State how many lines in the entries below hold the word "Street", with nothing besides the number.

::: Information given :::

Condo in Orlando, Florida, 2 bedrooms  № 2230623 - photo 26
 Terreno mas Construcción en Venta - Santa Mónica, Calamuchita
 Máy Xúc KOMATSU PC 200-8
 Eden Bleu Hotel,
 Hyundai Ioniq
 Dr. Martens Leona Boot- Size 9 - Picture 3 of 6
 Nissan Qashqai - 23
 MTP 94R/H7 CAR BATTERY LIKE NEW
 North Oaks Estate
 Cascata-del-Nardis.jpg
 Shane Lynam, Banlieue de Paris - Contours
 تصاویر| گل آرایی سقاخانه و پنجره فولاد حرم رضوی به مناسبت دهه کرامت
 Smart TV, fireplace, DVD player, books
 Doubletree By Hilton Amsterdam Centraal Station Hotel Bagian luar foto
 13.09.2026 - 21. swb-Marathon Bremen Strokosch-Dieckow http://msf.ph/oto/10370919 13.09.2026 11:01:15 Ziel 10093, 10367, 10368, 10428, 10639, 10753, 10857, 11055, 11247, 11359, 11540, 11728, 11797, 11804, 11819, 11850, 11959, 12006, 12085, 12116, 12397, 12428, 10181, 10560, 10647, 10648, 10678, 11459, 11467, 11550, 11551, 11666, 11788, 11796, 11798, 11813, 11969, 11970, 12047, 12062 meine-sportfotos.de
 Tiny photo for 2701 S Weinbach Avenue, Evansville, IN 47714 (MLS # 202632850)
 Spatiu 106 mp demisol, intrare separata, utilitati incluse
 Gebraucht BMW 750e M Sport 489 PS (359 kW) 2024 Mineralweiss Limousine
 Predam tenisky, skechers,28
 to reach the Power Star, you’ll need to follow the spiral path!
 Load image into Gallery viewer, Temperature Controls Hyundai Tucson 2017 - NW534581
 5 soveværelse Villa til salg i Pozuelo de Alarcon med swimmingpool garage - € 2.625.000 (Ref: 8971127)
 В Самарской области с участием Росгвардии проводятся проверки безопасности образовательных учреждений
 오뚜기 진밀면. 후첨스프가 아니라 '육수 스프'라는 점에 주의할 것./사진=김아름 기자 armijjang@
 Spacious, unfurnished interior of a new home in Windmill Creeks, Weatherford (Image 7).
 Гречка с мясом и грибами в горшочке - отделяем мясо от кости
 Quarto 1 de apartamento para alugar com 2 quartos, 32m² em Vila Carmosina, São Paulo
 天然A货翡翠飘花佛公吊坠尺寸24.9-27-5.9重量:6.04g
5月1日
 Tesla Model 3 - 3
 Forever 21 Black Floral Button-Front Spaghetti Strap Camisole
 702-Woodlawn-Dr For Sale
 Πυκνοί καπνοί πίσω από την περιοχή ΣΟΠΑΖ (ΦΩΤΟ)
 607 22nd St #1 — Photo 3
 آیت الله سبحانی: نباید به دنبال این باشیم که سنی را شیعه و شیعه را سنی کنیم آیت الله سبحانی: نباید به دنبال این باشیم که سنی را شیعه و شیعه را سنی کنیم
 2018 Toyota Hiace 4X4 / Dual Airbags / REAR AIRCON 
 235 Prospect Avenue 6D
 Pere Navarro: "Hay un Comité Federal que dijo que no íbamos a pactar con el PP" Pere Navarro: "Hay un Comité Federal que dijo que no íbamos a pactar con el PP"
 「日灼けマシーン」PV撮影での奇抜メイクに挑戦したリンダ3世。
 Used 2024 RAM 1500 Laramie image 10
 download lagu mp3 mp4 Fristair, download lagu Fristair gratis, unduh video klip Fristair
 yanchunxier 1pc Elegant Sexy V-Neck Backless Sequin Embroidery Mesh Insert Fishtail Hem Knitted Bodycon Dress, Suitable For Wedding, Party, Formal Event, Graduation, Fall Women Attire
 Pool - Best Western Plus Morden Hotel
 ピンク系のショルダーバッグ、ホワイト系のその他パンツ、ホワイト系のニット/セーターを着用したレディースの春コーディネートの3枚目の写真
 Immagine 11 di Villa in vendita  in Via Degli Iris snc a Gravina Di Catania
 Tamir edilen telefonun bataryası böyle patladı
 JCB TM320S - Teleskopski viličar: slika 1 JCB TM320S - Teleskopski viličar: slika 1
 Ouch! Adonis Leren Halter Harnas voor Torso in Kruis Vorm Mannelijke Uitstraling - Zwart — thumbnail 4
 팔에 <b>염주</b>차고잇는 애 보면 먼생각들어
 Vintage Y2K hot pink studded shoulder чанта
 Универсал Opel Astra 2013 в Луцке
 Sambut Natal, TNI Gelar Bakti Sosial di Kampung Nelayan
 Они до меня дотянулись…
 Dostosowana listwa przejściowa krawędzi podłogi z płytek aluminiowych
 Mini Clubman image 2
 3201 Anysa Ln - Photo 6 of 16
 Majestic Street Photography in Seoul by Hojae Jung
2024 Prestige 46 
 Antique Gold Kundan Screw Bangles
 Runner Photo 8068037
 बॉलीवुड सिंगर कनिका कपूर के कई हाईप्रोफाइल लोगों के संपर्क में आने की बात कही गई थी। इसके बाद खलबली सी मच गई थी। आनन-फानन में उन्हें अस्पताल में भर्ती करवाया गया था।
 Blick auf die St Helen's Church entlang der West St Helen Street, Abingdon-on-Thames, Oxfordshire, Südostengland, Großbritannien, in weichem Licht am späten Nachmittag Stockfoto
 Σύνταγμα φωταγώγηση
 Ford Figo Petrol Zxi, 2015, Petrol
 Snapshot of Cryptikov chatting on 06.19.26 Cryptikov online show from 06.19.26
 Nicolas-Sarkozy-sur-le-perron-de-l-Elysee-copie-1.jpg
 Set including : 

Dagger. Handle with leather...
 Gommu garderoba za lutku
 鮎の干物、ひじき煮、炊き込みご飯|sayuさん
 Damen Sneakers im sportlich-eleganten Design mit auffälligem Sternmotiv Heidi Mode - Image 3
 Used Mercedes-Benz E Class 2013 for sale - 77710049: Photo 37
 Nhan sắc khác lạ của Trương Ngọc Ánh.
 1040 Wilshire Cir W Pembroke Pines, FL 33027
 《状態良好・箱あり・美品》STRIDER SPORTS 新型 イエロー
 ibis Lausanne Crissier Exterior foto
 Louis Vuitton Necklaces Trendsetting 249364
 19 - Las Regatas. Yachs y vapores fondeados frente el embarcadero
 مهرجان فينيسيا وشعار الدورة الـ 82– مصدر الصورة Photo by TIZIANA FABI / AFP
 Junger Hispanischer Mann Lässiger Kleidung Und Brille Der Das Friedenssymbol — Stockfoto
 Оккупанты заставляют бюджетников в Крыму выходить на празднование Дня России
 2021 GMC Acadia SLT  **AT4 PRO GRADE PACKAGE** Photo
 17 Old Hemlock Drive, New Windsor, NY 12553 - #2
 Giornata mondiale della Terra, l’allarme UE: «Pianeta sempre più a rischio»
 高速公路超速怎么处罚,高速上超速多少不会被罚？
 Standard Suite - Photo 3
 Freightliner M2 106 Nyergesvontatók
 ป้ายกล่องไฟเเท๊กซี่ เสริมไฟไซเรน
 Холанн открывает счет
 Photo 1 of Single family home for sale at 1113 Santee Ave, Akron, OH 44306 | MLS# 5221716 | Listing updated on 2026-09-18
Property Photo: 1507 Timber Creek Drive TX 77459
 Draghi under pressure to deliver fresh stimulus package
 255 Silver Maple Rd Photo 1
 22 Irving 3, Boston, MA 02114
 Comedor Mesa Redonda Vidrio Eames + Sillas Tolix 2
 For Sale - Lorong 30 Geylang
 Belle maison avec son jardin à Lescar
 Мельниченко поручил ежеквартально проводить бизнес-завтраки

:::

## Task output
2